» **Activity**
Practice item. Set the material below down again exactly, with no pictures.

» **Entries supplied**
────────────────

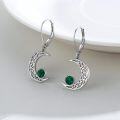 wholesale 925 Sterling Silver Green Moss Agate Crescent Moon Drop Earrings for Women - Hypoallergenic  Set-0-1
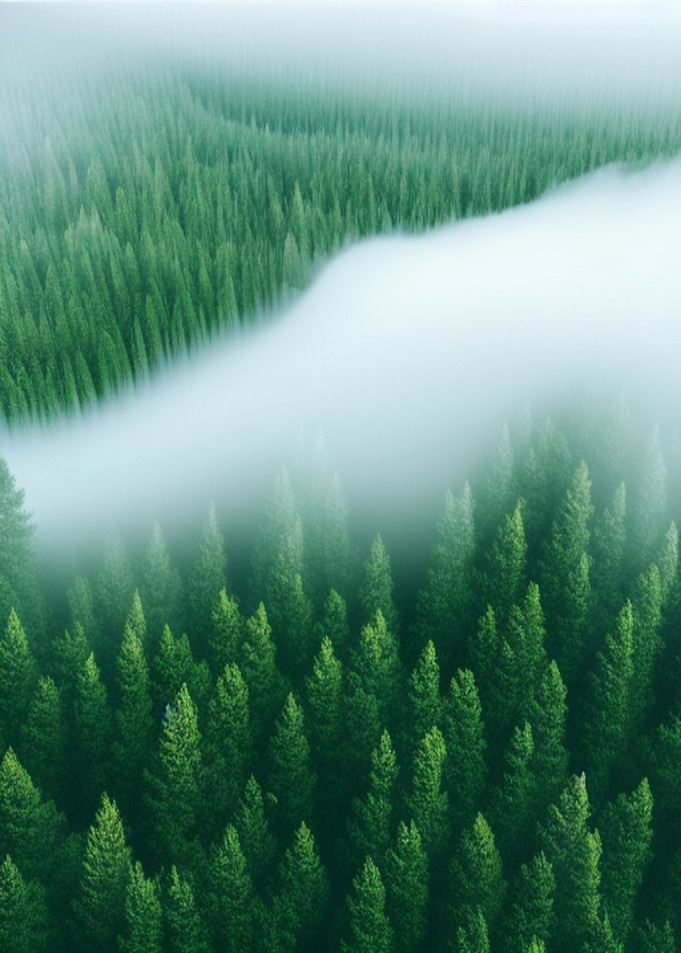 Foggy Pines in Forest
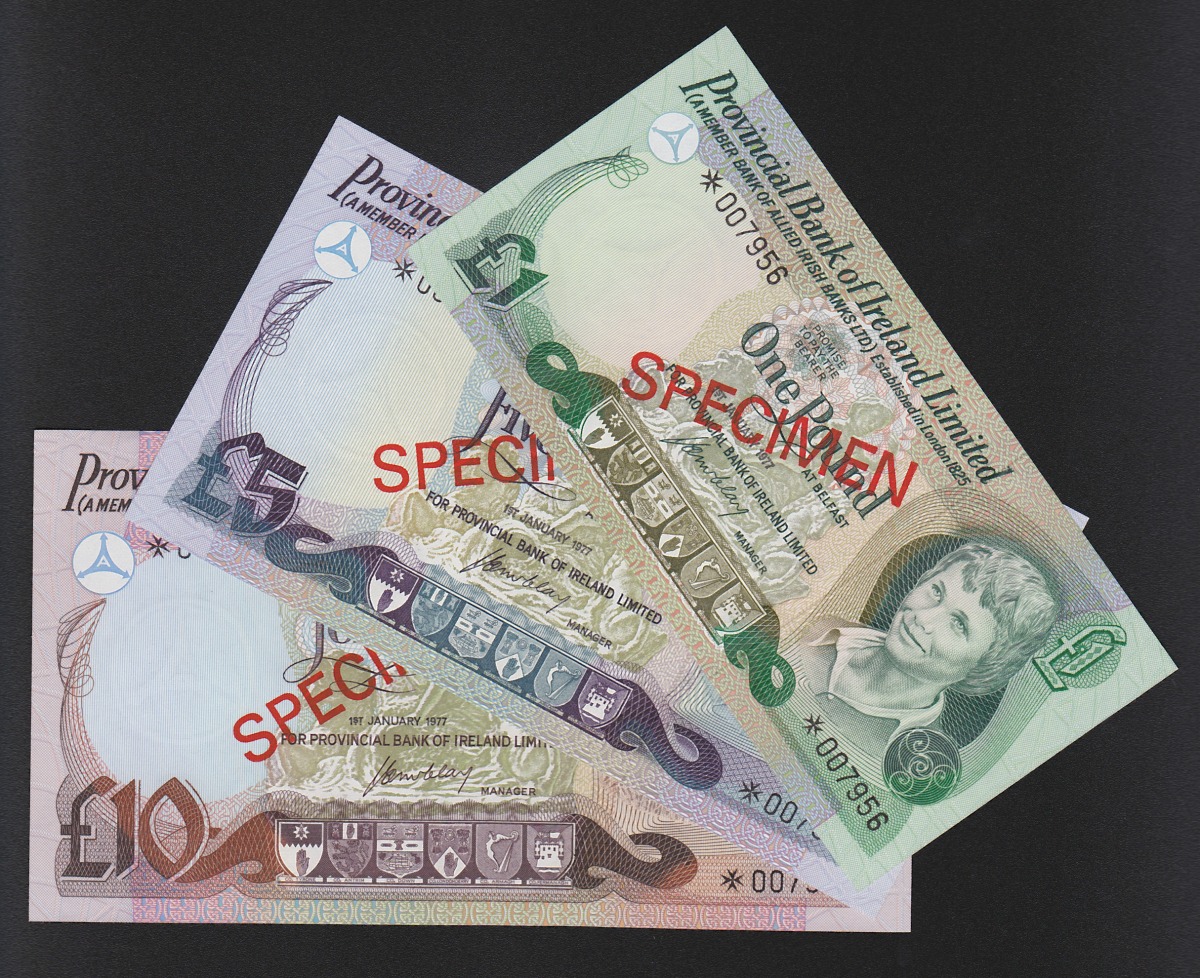 アイルランド 1-5-10ポンド 1977年銘 見本券No.007965 完未品/3枚組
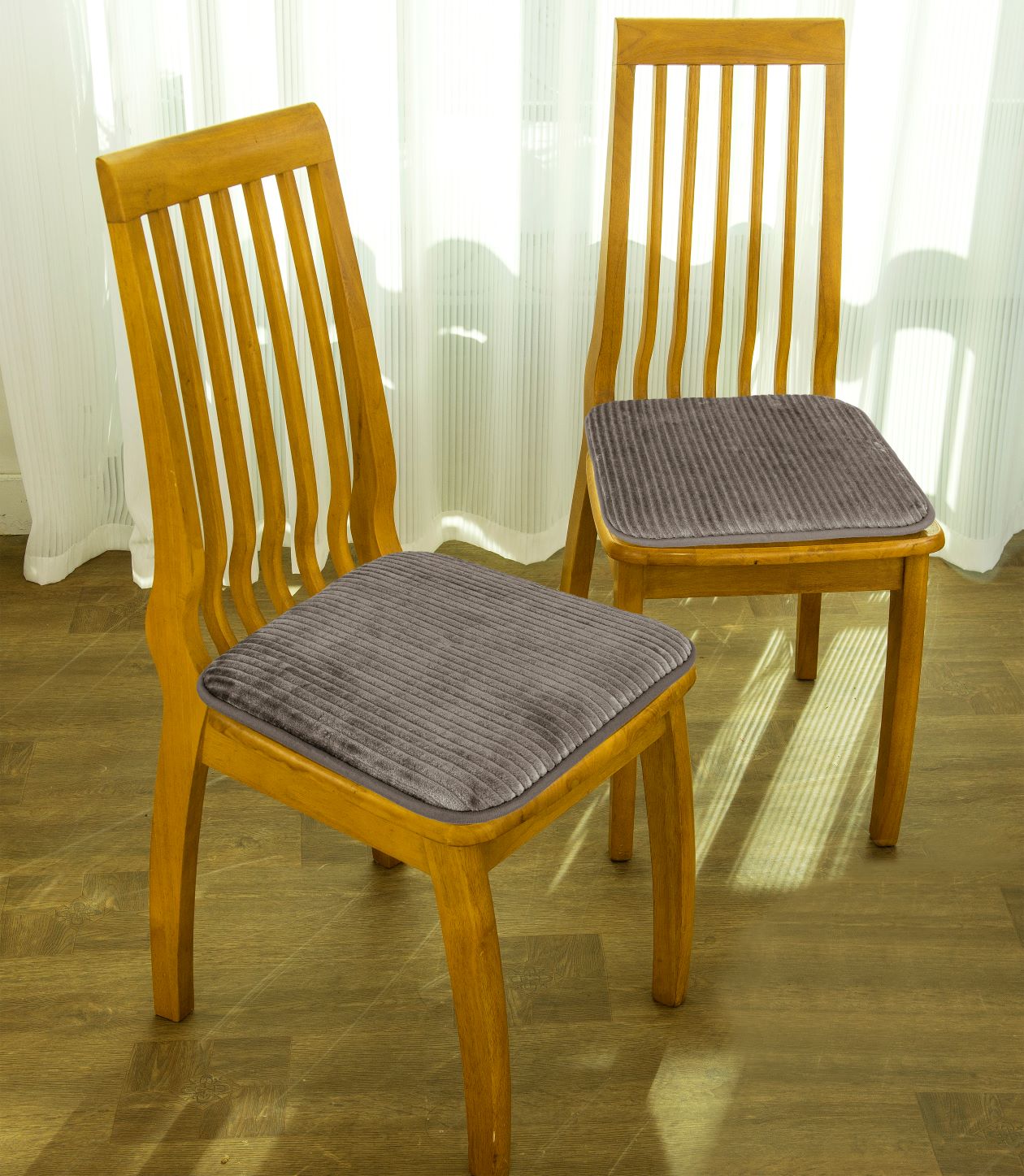 Stacy 2pk Flannel Stripe Chair Pad 16"x16" Grey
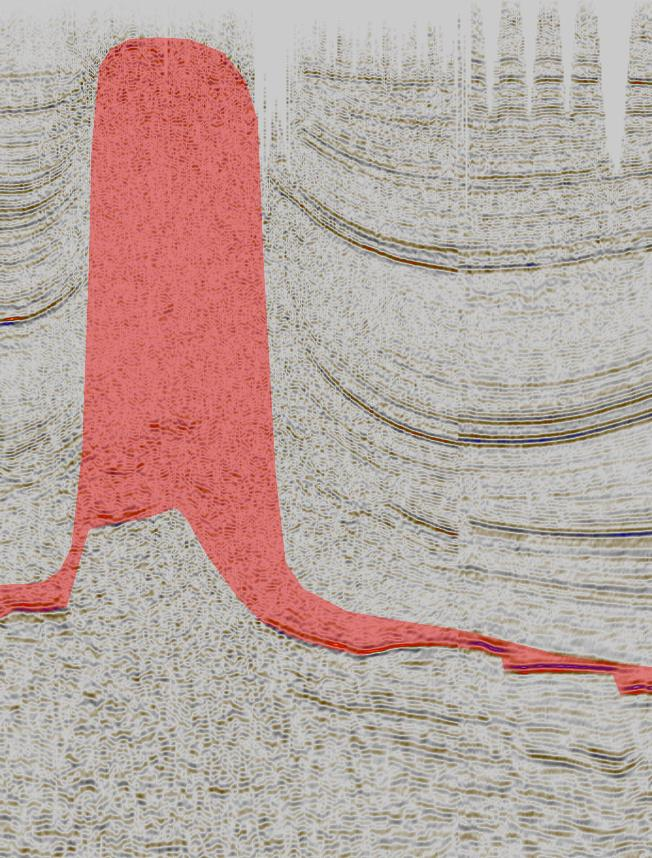 tijddiepte (twt msec) Zuidwending: Seismische doorsnede A A 0 5 km Top Zechstein Benadering van 1500m dieptelijn binnen de zoutstructuur zoutpijler anhydriet banken Basis Zechstein (top Rotliegend)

────────────────

» **Answer for the task**
 wholesale 925 Sterling Silver Green Moss Agate Crescent Moon Drop Earrings for Women - Hypoallergenic  Set-0-1
 Foggy Pines in Forest
 アイルランド 1-5-10ポンド 1977年銘 見本券No.007965 完未品/3枚組
 Stacy 2pk Flannel Stripe Chair Pad 16"x16" Grey
 tijddiepte (twt msec) Zuidwending: Seismische doorsnede A A 0 5 km Top Zechstein Benadering van 1500m dieptelijn binnen de zoutstructuur zoutpijler anhydriet banken Basis Zechstein (top Rotliegend)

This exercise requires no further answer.